DATASET EXTRACT
---+---

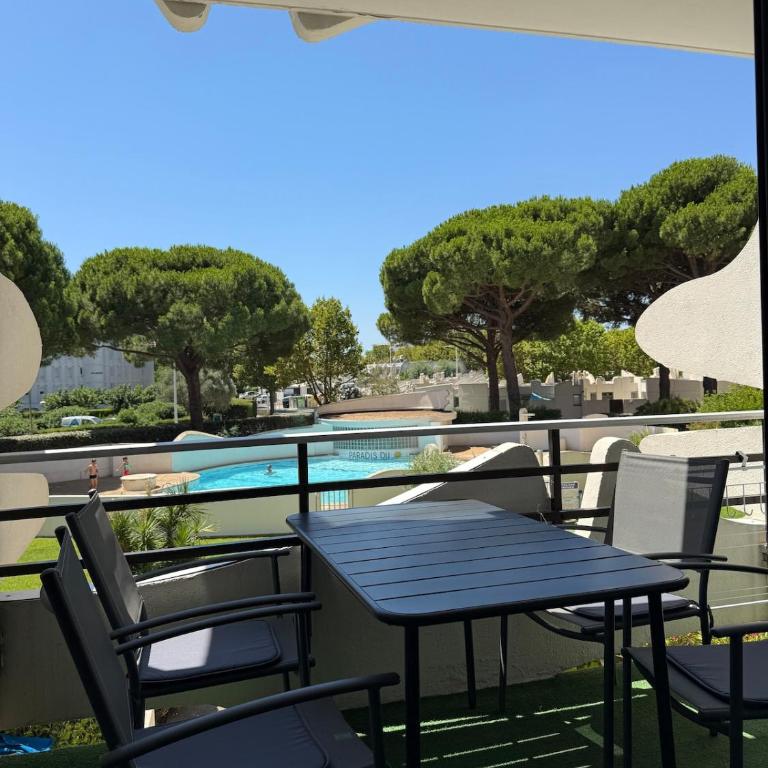 Cabin studio, Terrace, Private Parking and Swimming Pool - Appartement 1 Chambre - 1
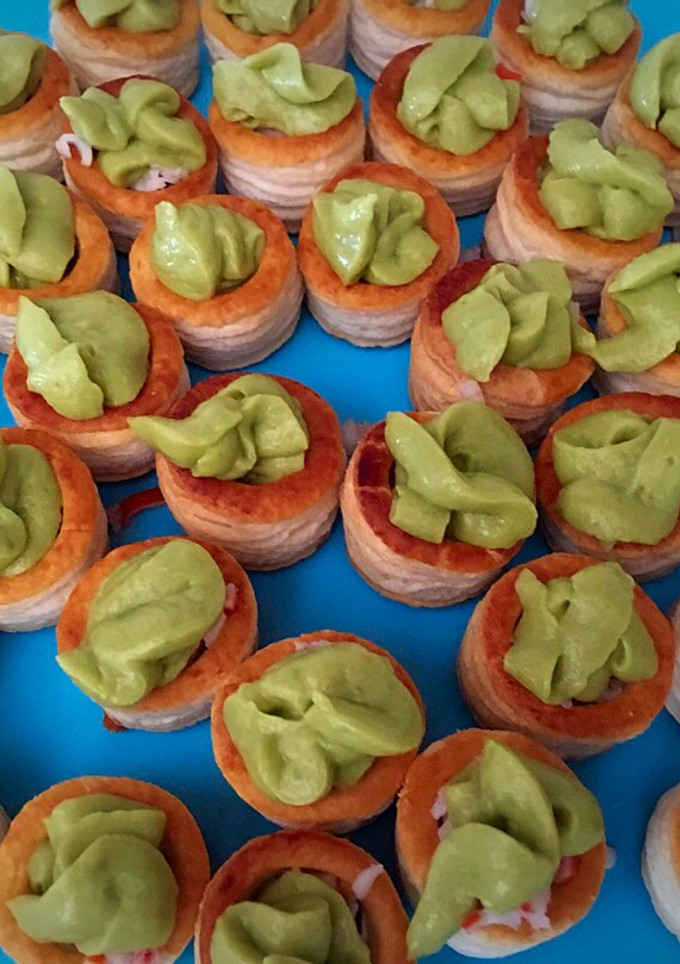 Una foto de Volovanes de marisco y aguacate
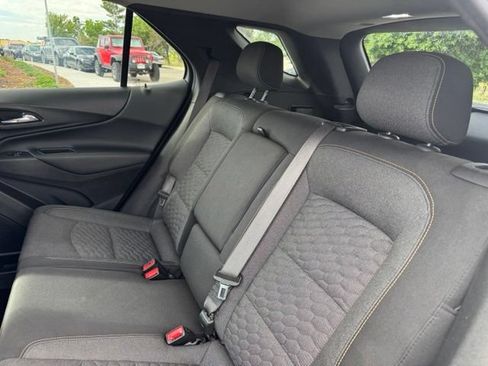 Used 2021 Chevrolet Equinox LT AWD/4WD image 18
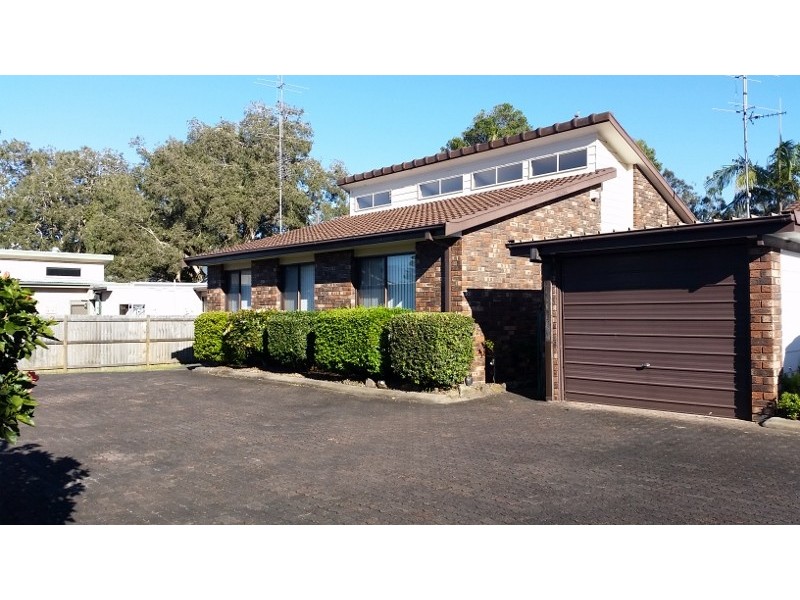 3/3 Lake Street, Budgewoi NSW 2262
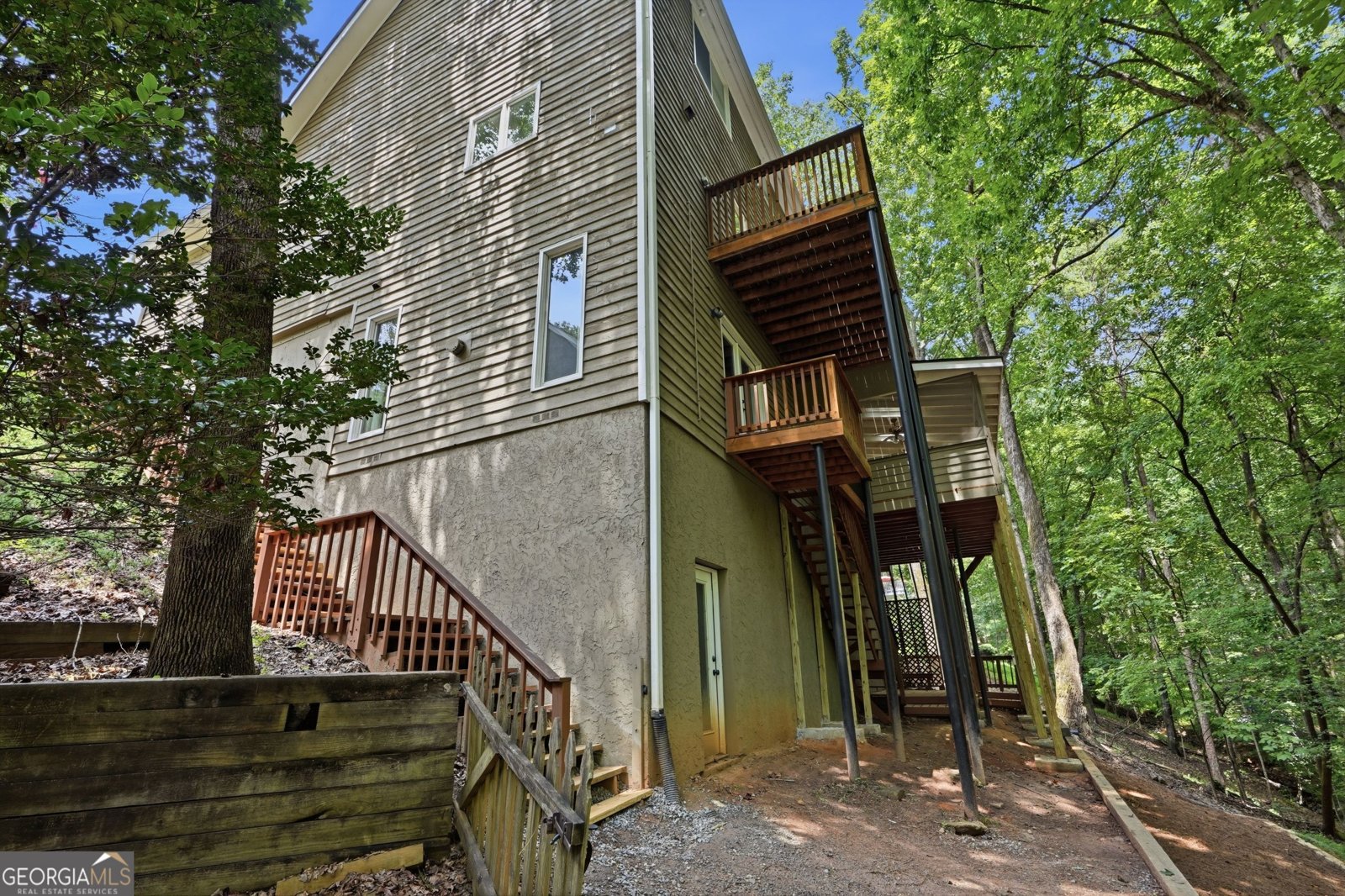 Photo 5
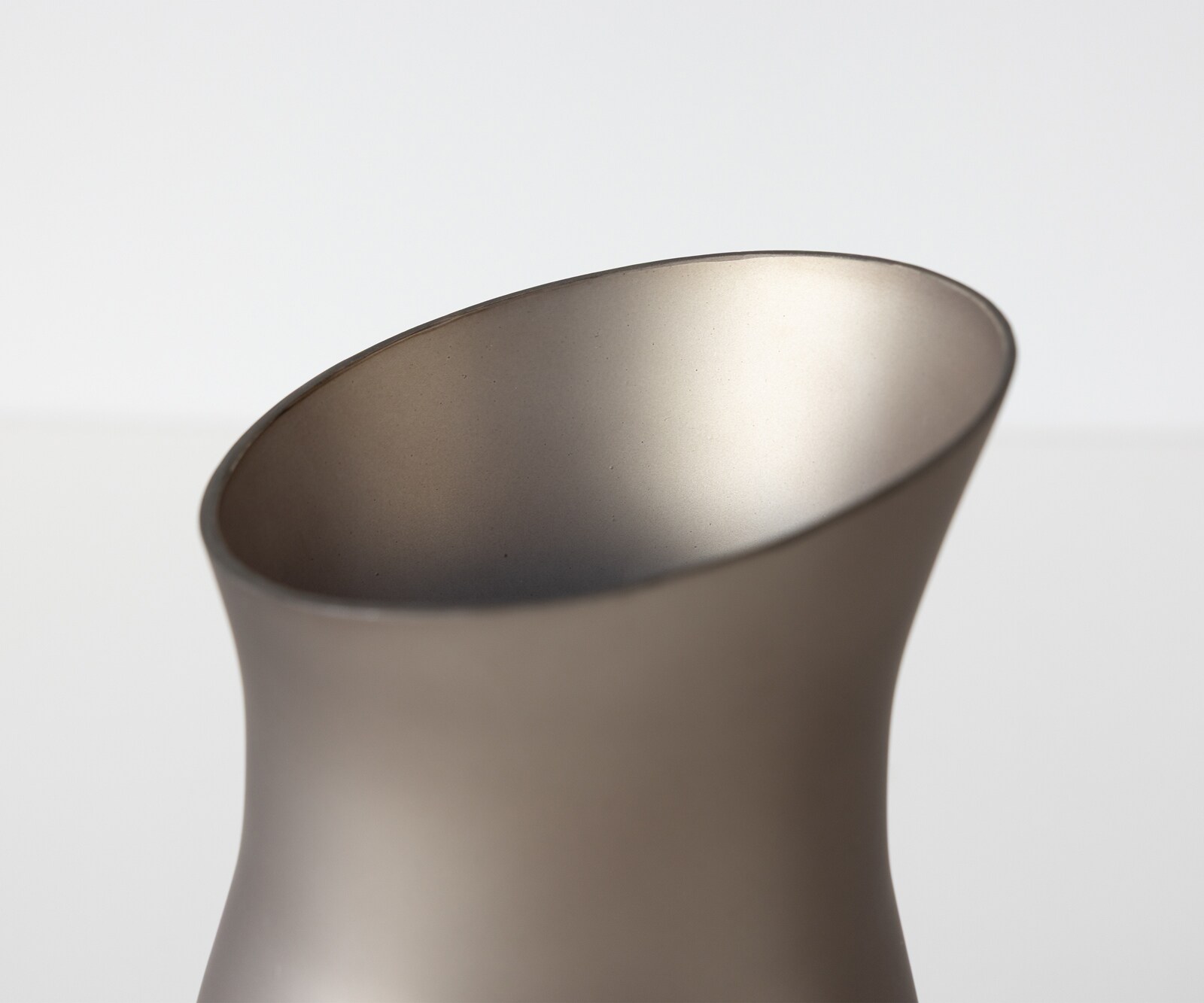 Vaas Curvia B18 x D11 x H41 cm Glas Opal Mondgeblazen 4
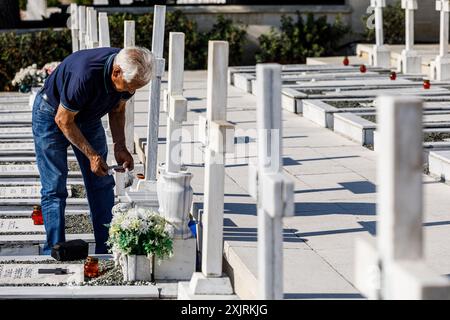 Nikosia, Zypern. Juli 2024. Zwischen den Gräbern Nikosia, Zypern, wird am 20. Juli 2024 ein Mann gesehen. Eine Gedenkfeier fand heute anlässlich des 50. Jahrestages der türkischen Invasion statt, die seither zur Besetzung von 37 % der Insel führte, im Makedonitissa-Grab, wo die Leichen der während des Krieges getöteten Soldaten begraben wurden. (Foto: Kostas Pikoulas/SIPA USA). Quelle: SIPA USA/Alamy Live News Stockfoto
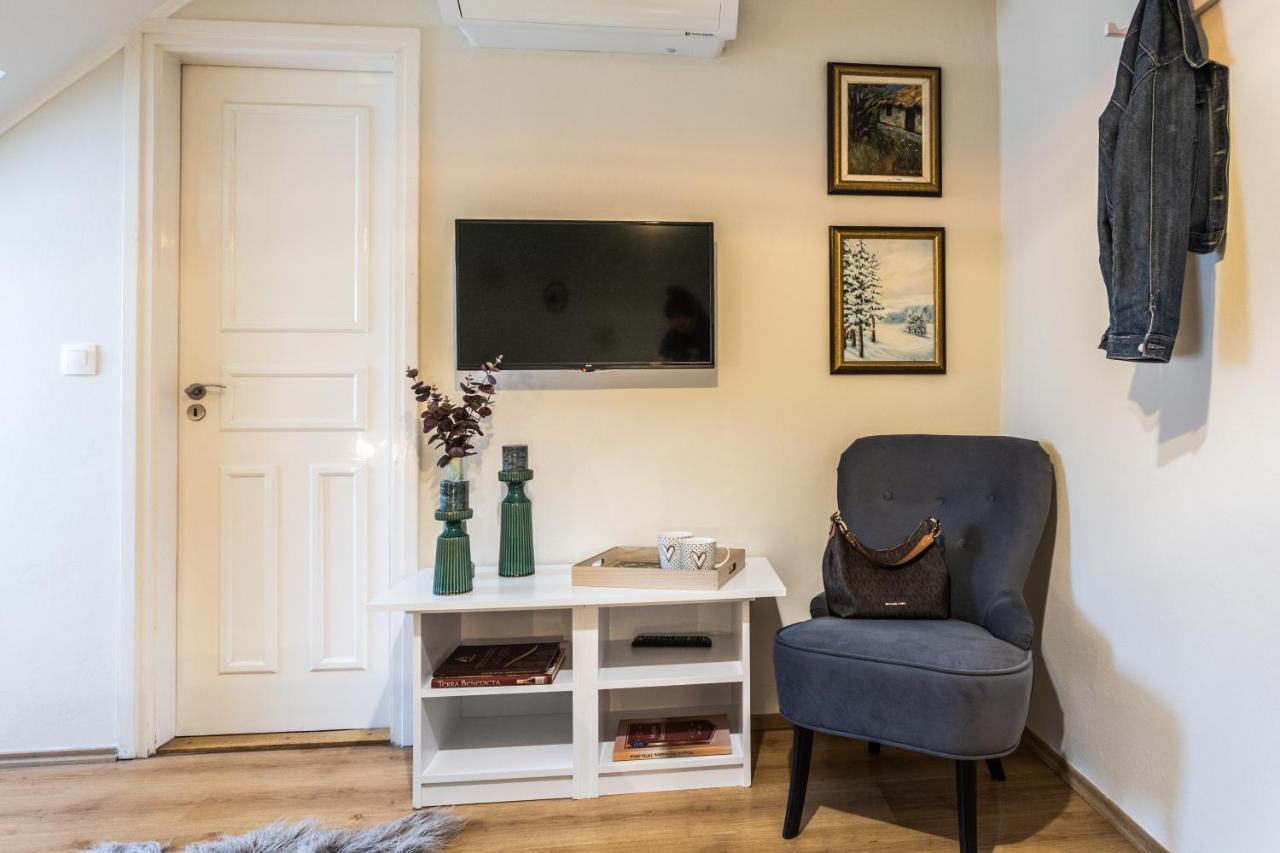 빌라니 Kikerics Vendeghaz B&B 외부 사진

---+---

TASK ITEM
Every entry above needs to be printed again exactly, with its pictures left out.

RESPONSE BOX
 Cabin studio, Terrace, Private Parking and Swimming Pool - Appartement 1 Chambre - 1
 Una foto de Volovanes de marisco y aguacate
 Used 2021 Chevrolet Equinox LT AWD/4WD image 18
 3/3 Lake Street, Budgewoi NSW 2262
 Photo 5
 Vaas Curvia B18 x D11 x H41 cm Glas Opal Mondgeblazen 4
 Nikosia, Zypern. Juli 2024. Zwischen den Gräbern Nikosia, Zypern, wird am 20. Juli 2024 ein Mann gesehen. Eine Gedenkfeier fand heute anlässlich des 50. Jahrestages der türkischen Invasion statt, die seither zur Besetzung von 37 % der Insel führte, im Makedonitissa-Grab, wo die Leichen der während des Krieges getöteten Soldaten begraben wurden. (Foto: Kostas Pikoulas/SIPA USA). Quelle: SIPA USA/Alamy Live News Stockfoto
 빌라니 Kikerics Vendeghaz B&B 외부 사진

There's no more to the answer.